R is still hot in PHDs, but Python is king of The Times.
Matt Asay (@MongoDB) November 25, 2013
R is clearly the language of choice for data scientists, but Python is stealing R’s ground.
There are many reasons for this change, but perhaps the biggest one is that Python is more versatile and simpler than the complex programming environment of R, which is difficult to master.
In a world increasingly dependent on data, simplicity is sure to win out.
R: Not really a programming language
Part of the reason people take such pains to learn R is that it is not a programming language. As expert John Cook points out, R is really a statistical interactive environment, not really a programming language. He suggested that rather than thinking of R as a programming language, it should be thought of as having programming language characteristics.
Also, R doesn’t look like a traditional programming language at all, which is hard for would-be R developers to master.
But for tools like SAS and SPSS, R reduces complexity for analysts, as Bob Muenchen points out, because it combines macros (Marcro) and matrix languages, while in other languages, such as SPSS, you have to learn it yourself. But if they expect R to be like Stata, they will be disappointed.
To sum up, R… It’s different, it makes things harder…
Python: Lowers the bar for data science
Python, however, is very easy to learn. For one thing, most developers are familiar with Python and can use it in a variety of programs. Unlike R, which is limited to the domain of user data analysis, a developer can experience Python the first time she scripts her website or other programs.
As companies struggle to get their data to work, they also go to great lengths to find qualified data scientists. Often, however, such data scientists are already working for them and should be familiar with Python. Because it is so important to provide the right analytics based on user data, it is much more effective for companies to train their own big data technicians on complex user data than it is to train new data scientists themselves. As Svetlana Sicular of Gartnet says
One Python rules all
Setting aside the existing Python talent pool, one of the biggest benefits of using Python is the increased efficiency of using the same programming language in different programs. Tai Yarkoni, a researcher at the University of Texas at Austin, explains:
It has been shown that development and analysis in the same language can be beneficial. For one thing, when you can do everything in just one language, you don’t have to torture yourself by saying that Ruby uses blocks instead of indentation, or that you need to call the len method of an array in Python instead of Array.length to get the length of an array. Also, you never have to worry about interfaces between different languages in your project. There is nothing more annoying than processing the same literal data in Python, and finally making it in the format you want, only to know that you have to write it to disk in a different format so that you can hand it over to R or Matlab for some other analysis. Individually, this is not a big problem. Output them in Python as a CSV or JSON file, read them in R, and add them. None of this would be possible if only one language were used.
There is no exaggeration here. It’s a general truth that when we praise the right technology for how well it solves our problems, technology wins. As David Himrod, Director of AppNexus at Optimization and Analytics, puts it, “The biggest challenge at AppNexus is hiring a diverse workforce in a unified technology space. Python provides employees with diverse backgrounds, especially engineers, mathematicians, and analysts — a common, easy-to-understand language that companies can use to define new functional prototypes.”

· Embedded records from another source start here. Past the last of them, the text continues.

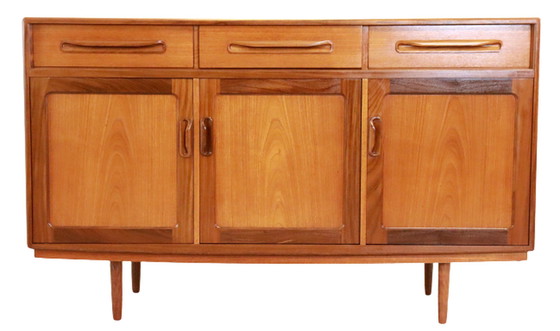 Image 1 of Vintage G Plan fresco sideboard kast dressoir 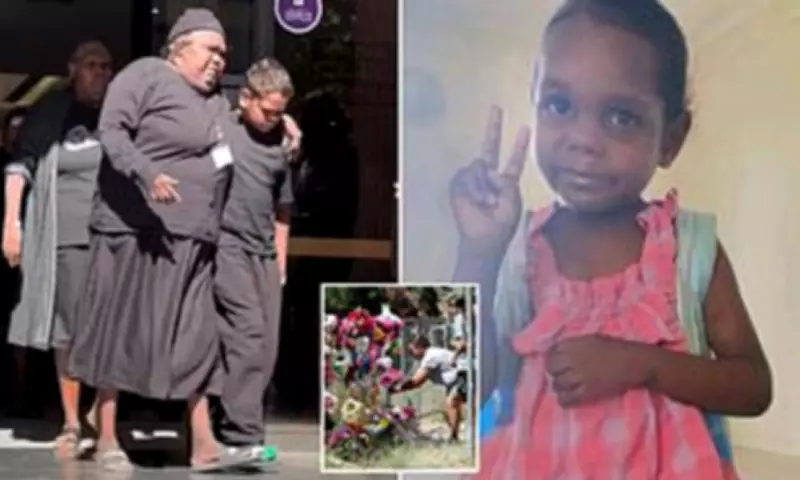 Family Slams NT Legal System Over Lack of Info in Girl's Murder Case
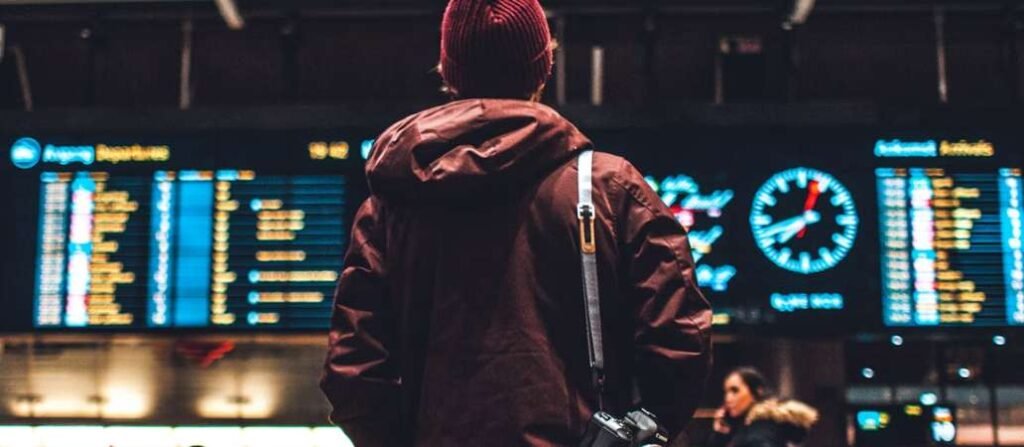 Customs on a Layover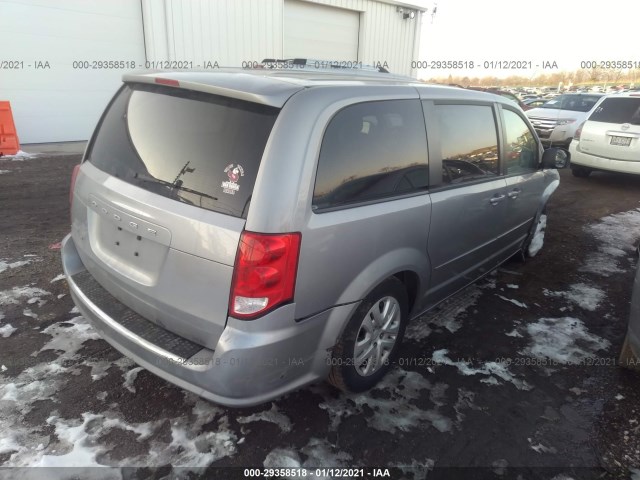 Photo 3 VIN: 2C4RDGBG6ER249267 - DODGE GRAND CARAVAN 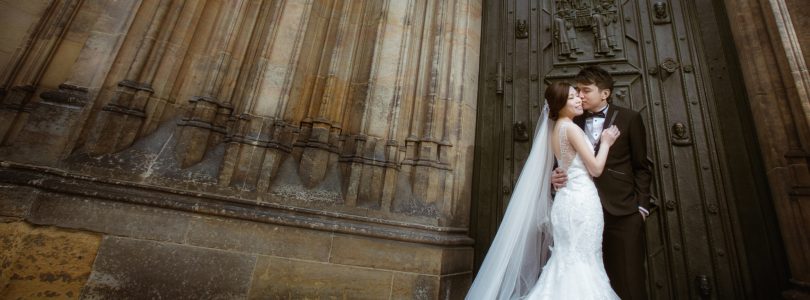 Prague Pre-Wedding of Meifus & Ronnie by Billy ONAIR Photography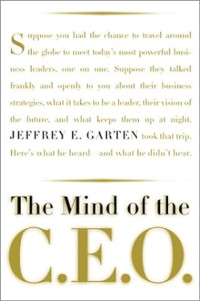 The Mind Of The Ceo
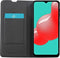 iMoshion Hoesje Geschikt voor Samsung Galaxy A32 (5G) Hoesje Met Pasjeshouder - iMoshion Slim Folio Bookcase - Rood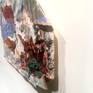 Edges of Impasto detail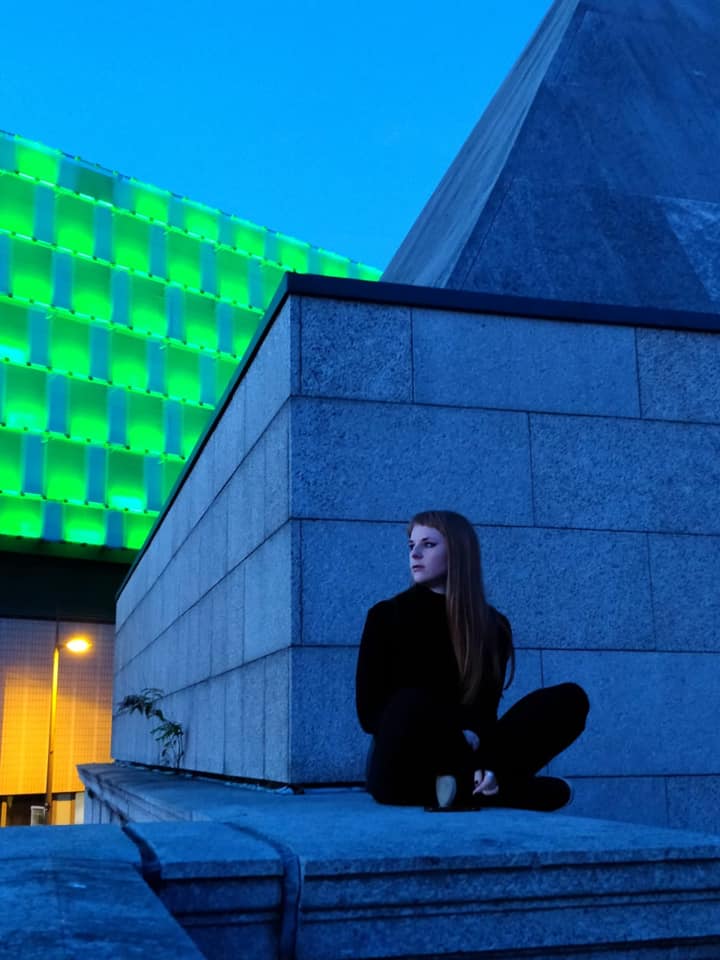 New Haunts (fot. Alastair Power)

Mainstream data science using Python
Python still lacks some of R’s richness in data analysis, but the gap is closing fast. Keep in mind that the key to Python’s success is not its ability to handle arcane methods better than R or any other language, but its ease of learning and generality. Data science has moved beyond the realm of the junior geek, as was evident at the O’Reilly Strata conference last month. The convention, once the haunt of PhDs, is now dominated by ordinary economic analysts and those sent by companies to analyze big data.
The new conference is more likely to use Python than R. Python is relatively easy to use, and they already use it in other projects. In other ways, people prefer tools that they already know or are easy to learn over powerful and complex tools, and should avoid using such powerful and complex tools if possible.